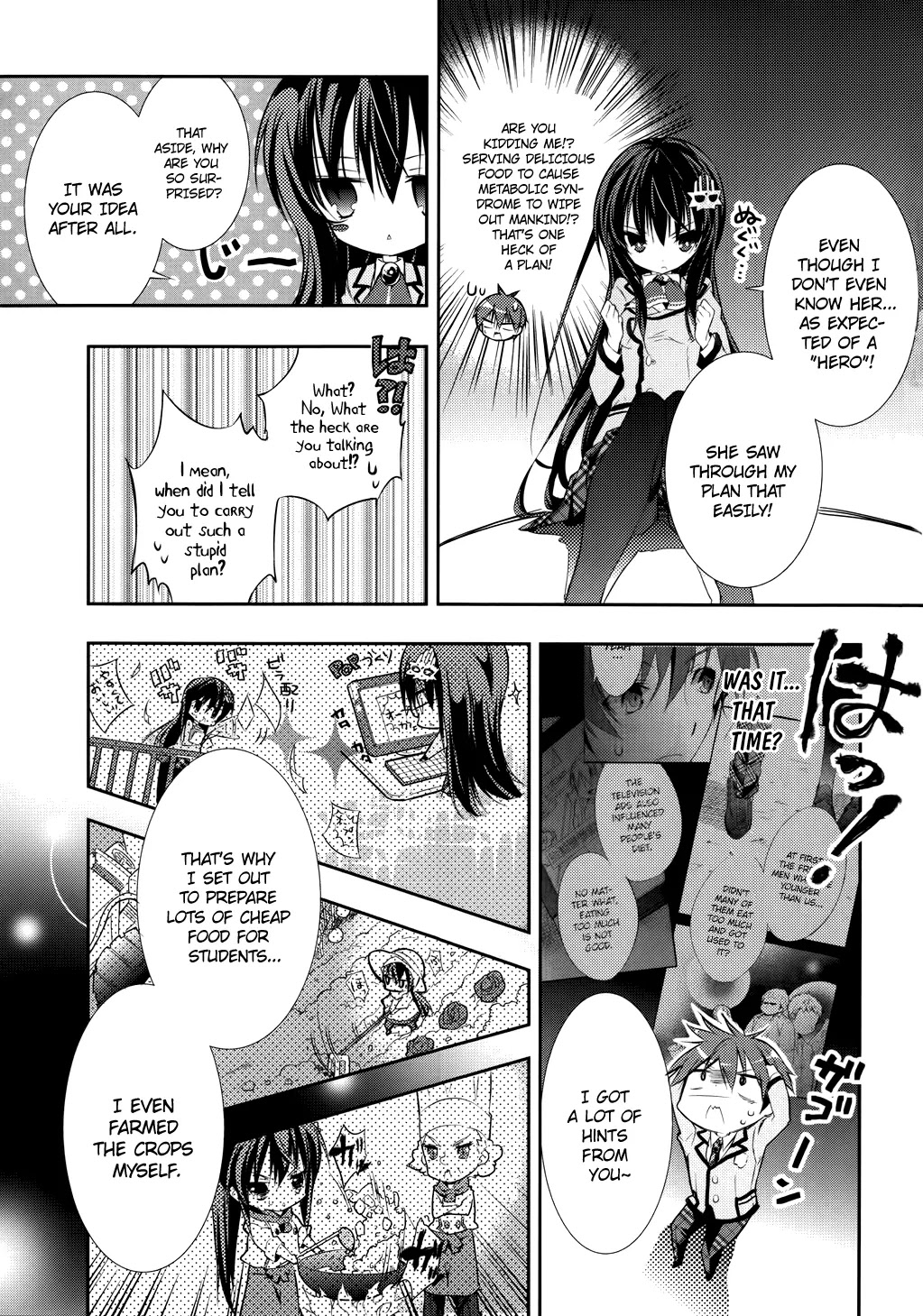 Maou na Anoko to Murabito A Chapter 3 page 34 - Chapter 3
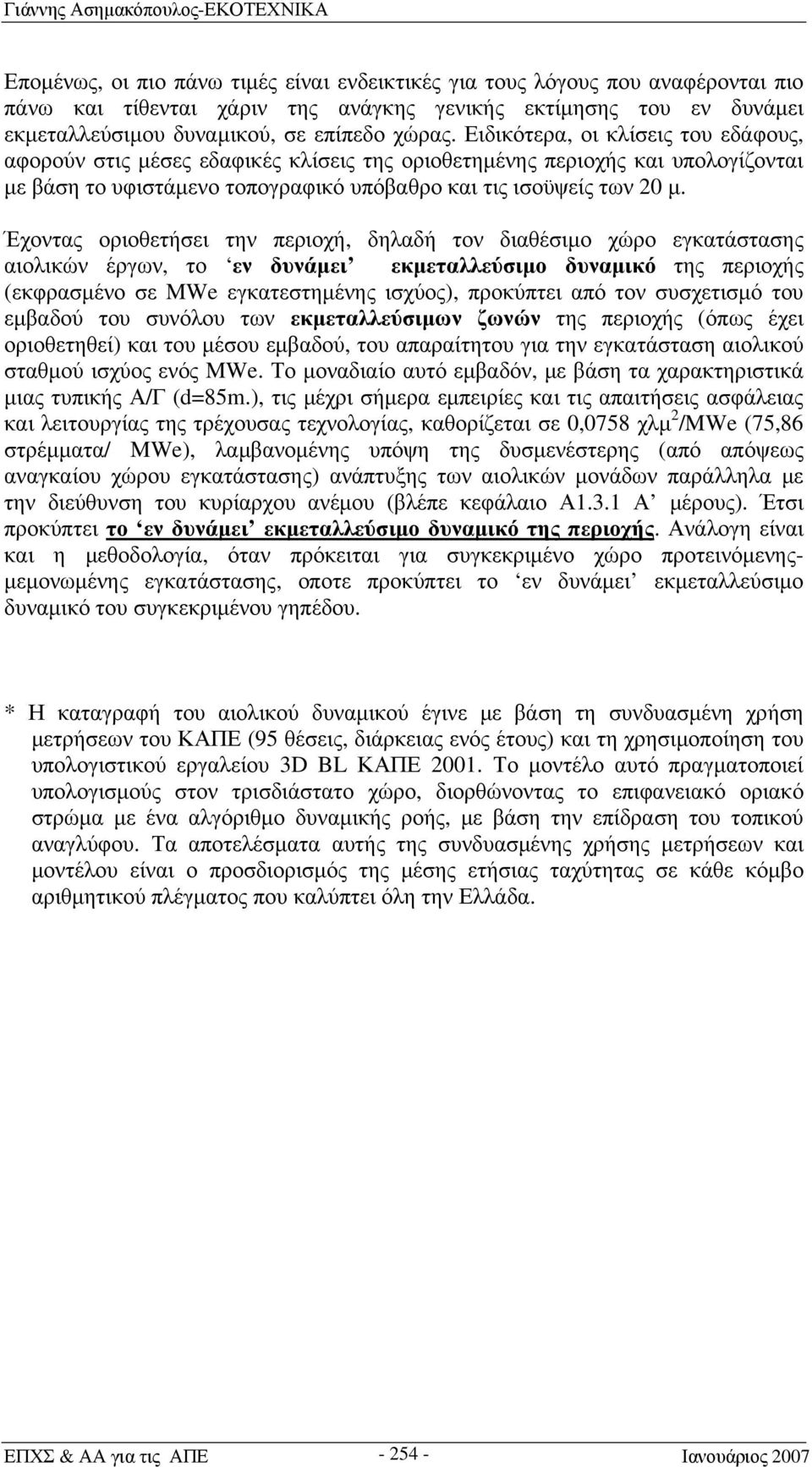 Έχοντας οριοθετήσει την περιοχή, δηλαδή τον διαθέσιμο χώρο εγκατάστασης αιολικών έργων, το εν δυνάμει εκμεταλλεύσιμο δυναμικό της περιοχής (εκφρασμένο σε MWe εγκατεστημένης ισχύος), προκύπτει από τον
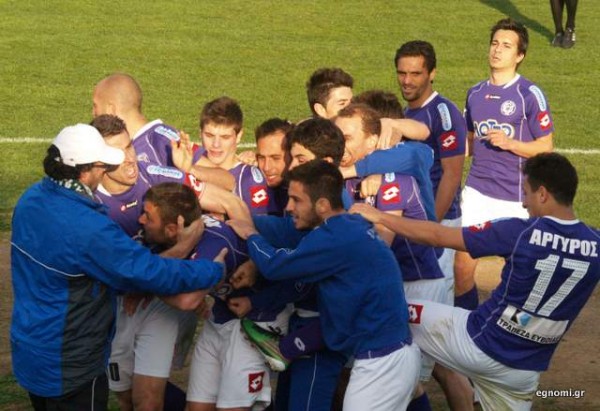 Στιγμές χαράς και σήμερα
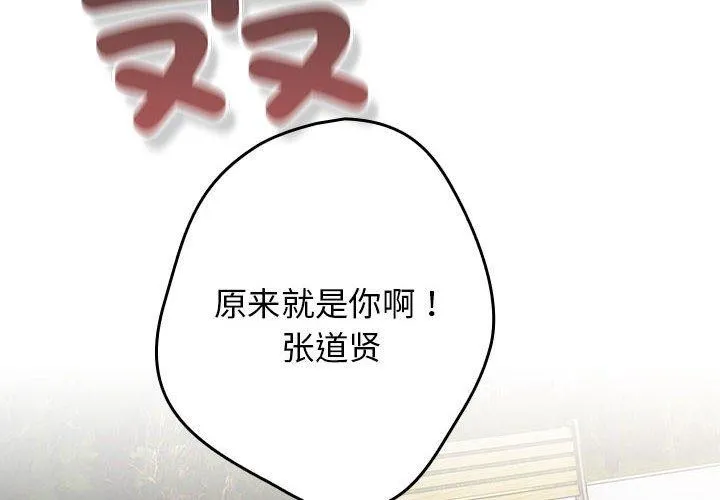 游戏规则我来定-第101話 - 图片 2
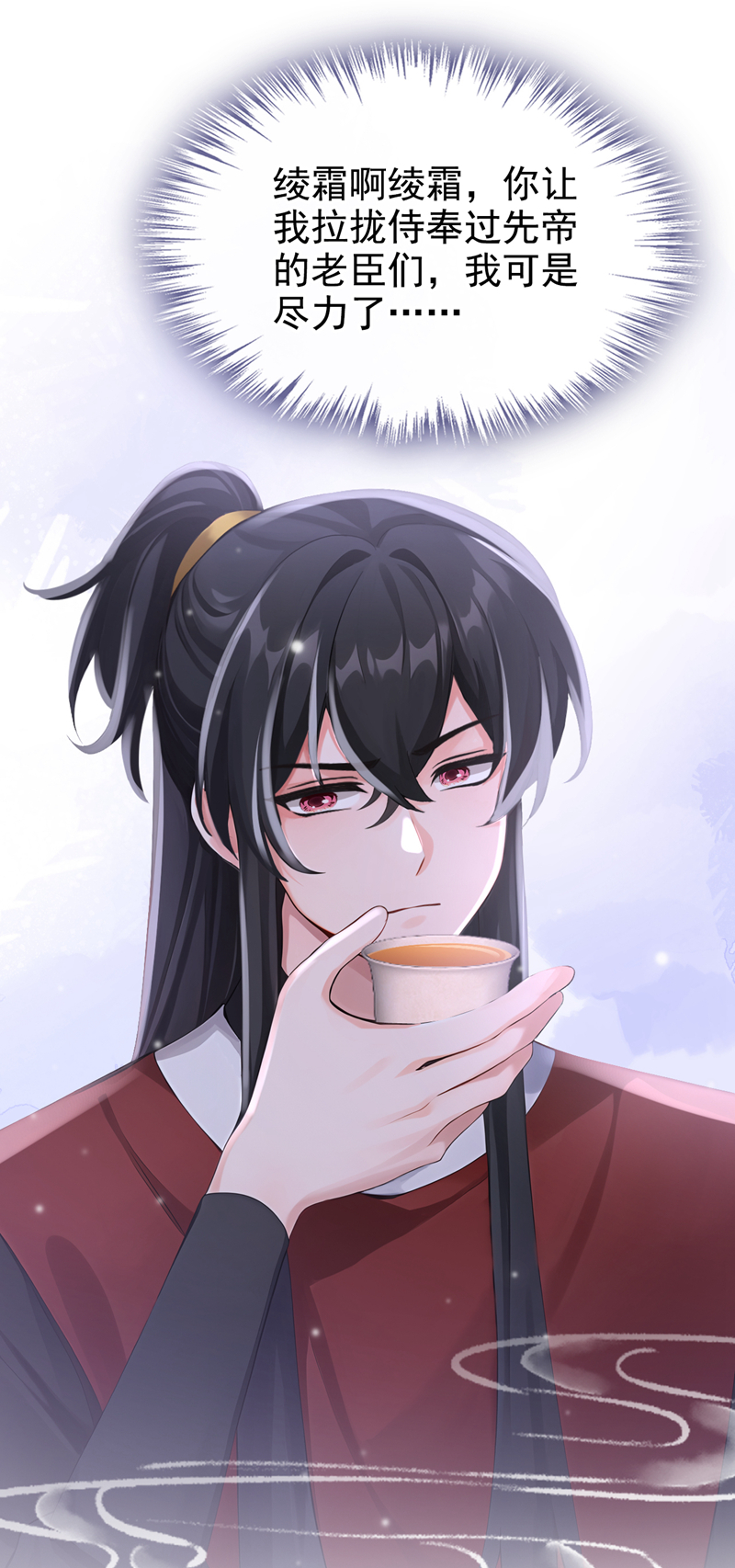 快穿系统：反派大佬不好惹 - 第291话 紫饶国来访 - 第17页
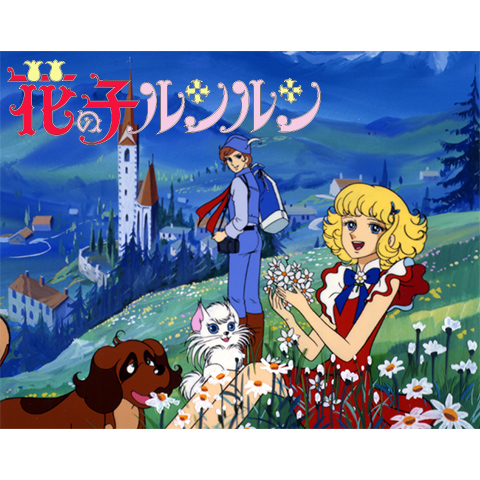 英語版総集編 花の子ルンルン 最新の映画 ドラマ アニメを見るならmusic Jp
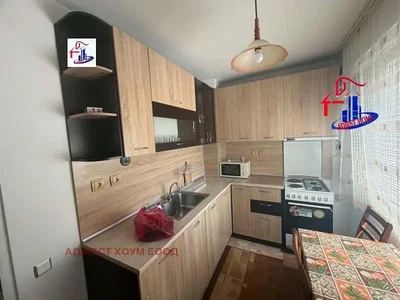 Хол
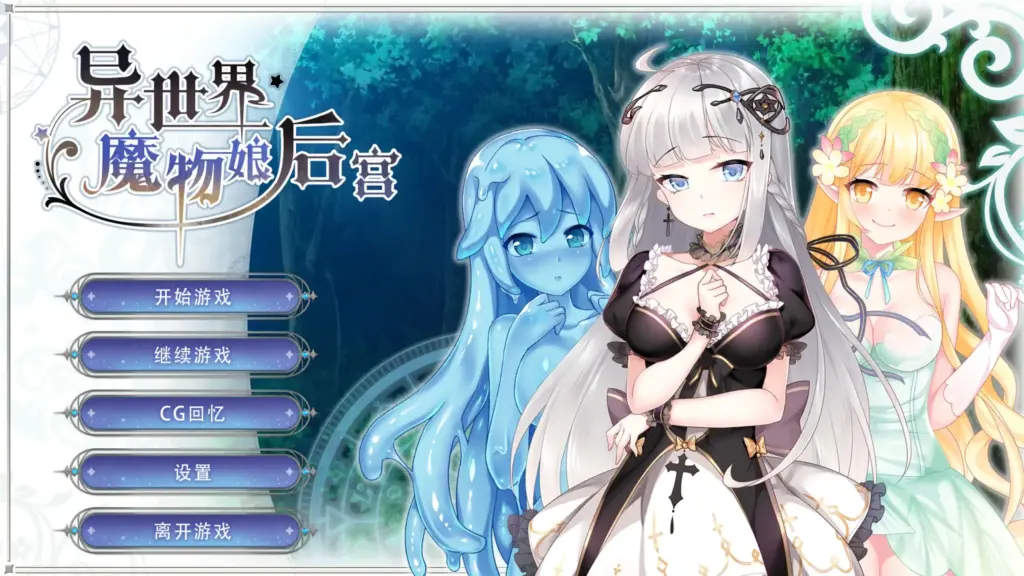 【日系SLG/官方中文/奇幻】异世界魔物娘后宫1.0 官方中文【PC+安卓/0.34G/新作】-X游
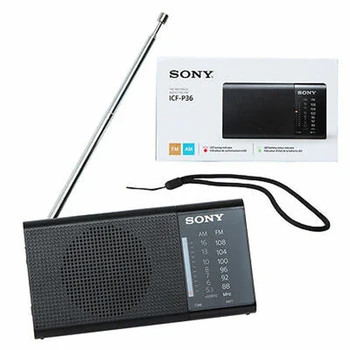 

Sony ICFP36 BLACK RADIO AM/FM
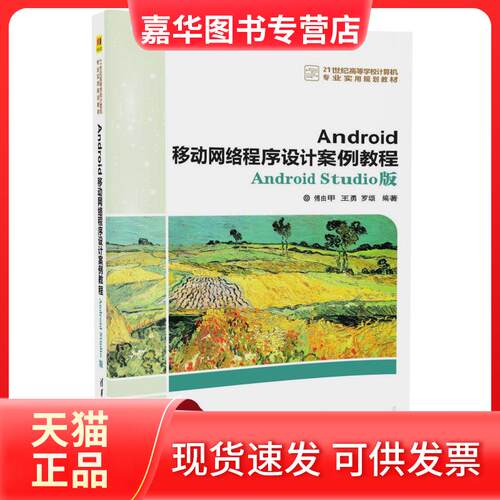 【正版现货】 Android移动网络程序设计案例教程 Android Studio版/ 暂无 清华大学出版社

§ **TASK TO CARRY OUT**:
Locate "Έχοντας οριοθετήσει την" in the entries above. Copy, exactly and only, the lines from that line to the end, leaving out the pictures.

§ **RESULT FOR THIS EXERCISE**:
 Έχοντας οριοθετήσει την περιοχή, δηλαδή τον διαθέσιμο χώρο εγκατάστασης αιολικών έργων, το εν δυνάμει εκμεταλλεύσιμο δυναμικό της περιοχής (εκφρασμένο σε MWe εγκατεστημένης ισχύος), προκύπτει από τον
 Στιγμές χαράς και σήμερα
 游戏规则我来定-第101話 - 图片 2
 快穿系统：反派大佬不好惹 - 第291话 紫饶国来访 - 第17页
 英語版総集編 花の子ルンルン 最新の映画 ドラマ アニメを見るならmusic Jp
 Хол
 【日系SLG/官方中文/奇幻】异世界魔物娘后宫1.0 官方中文【PC+安卓/0.34G/新作】-X游

Sony ICFP36 BLACK RADIO AM/FM
 【正版现货】 Android移动网络程序设计案例教程 Android Studio版/ 暂无 清华大学出版社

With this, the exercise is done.